Depuis plusieurs années, Jean-Baptiste Thoret a acquis une certaine réputation dans le monde de l’analyse cinématographique. Il participe régulièrement à des émissions radio, à des débats à la Cinémathèque ou ailleurs, et il a écrit plusieurs ouvrages notables sur le cinéma, dont certains chroniqués en ces lieux. Sa popularité provient de ses analyses détaillées mais compréhensibles, d’un style/discours fluide et abordable, d’un réel amour pour le cinéma, et d’un intérêt pour un cinéma de genre généralement délaissé par les critiques dits sérieux.

Dans son dernier ouvrage, Michael Cimino, Les voix perdues de l’Amérique, il raconte son périple américain en compagnie de Michael Cimino, un road trip à deux effectué en 2010. L’intérêt de l’auteur pour Cimino n’est pas neuf : plusieurs passages lui étaient déjà consacrés dans des ouvrages précédents, notamment dans Road Movie, USA et Le Cinéma américain des années 70. Dans Michael Cimino, Les voix perdues de l’Amérique, il développe des thèmes rapidement abordés précédemment, en croisant conversations et réflexions.

Michael Cimino est généralement présenté comme un réalisateur maudit du cinéma américain. Octobre 2013 est apparemment le mois des réalisateurs réprouvés, les Cahiers du Cinéma consacrant une partie de leur numéro à Jean Grémillon, autre maudit fameux. Il y aurait beaucoup à dire sur ces malédictions subies par nombre de réalisateurs en panne de grigris, phénomène dépassant d’ailleurs le cinéma et plus propre au milieu artistique en général. Nous ne trouvons pas cette dénomination très signifiante ni constructive : lorsqu’un réalisateur est rejeté du public et de ses pairs, il y a des raisons, bonnes ou mauvaises. Le qualifier de maudit a tendance à fermer le questionnement et à masquer certains problèmes du travail ou du comportement de l’artiste touché.

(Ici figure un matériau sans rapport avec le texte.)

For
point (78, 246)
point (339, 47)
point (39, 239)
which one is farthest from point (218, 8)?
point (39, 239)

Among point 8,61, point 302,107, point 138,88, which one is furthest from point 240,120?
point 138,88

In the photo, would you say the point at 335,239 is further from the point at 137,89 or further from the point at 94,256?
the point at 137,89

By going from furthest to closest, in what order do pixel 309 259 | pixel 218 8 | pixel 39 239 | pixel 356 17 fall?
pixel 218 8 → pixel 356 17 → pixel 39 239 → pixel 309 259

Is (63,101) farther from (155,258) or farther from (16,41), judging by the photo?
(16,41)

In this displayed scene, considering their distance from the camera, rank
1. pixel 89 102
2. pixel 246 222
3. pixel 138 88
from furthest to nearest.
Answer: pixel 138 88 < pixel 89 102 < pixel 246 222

Maudit ou pas, avec seulement sept films réalisés entre 1974 et aujourd’hui, Michael Cimino a incontestablement connu des problèmes dans la mise en œuvre de ses projets. Sa carrière avait pourtant démarré sur les chapeaux de roue après la réussite de son premier film, Le Canardeur (1974), buddy movie avec un tout jeune Jeff Bridges et un Clint Eastwood au sommet de sa gloire. Son film suivant, Voyage au bout de l'enfer (1978), lui valut la reconnaissance nationale et internationale, le succès public et professionnel (vainqueur de cinq Oscars). Longue réflexion sur l’Amérique et le traumatisme de la guerre du Vietnam, le film fit connaître Christopher Walken et Meryl Streep, et éleva immédiatement Cimino au rang des grands réalisateurs américains.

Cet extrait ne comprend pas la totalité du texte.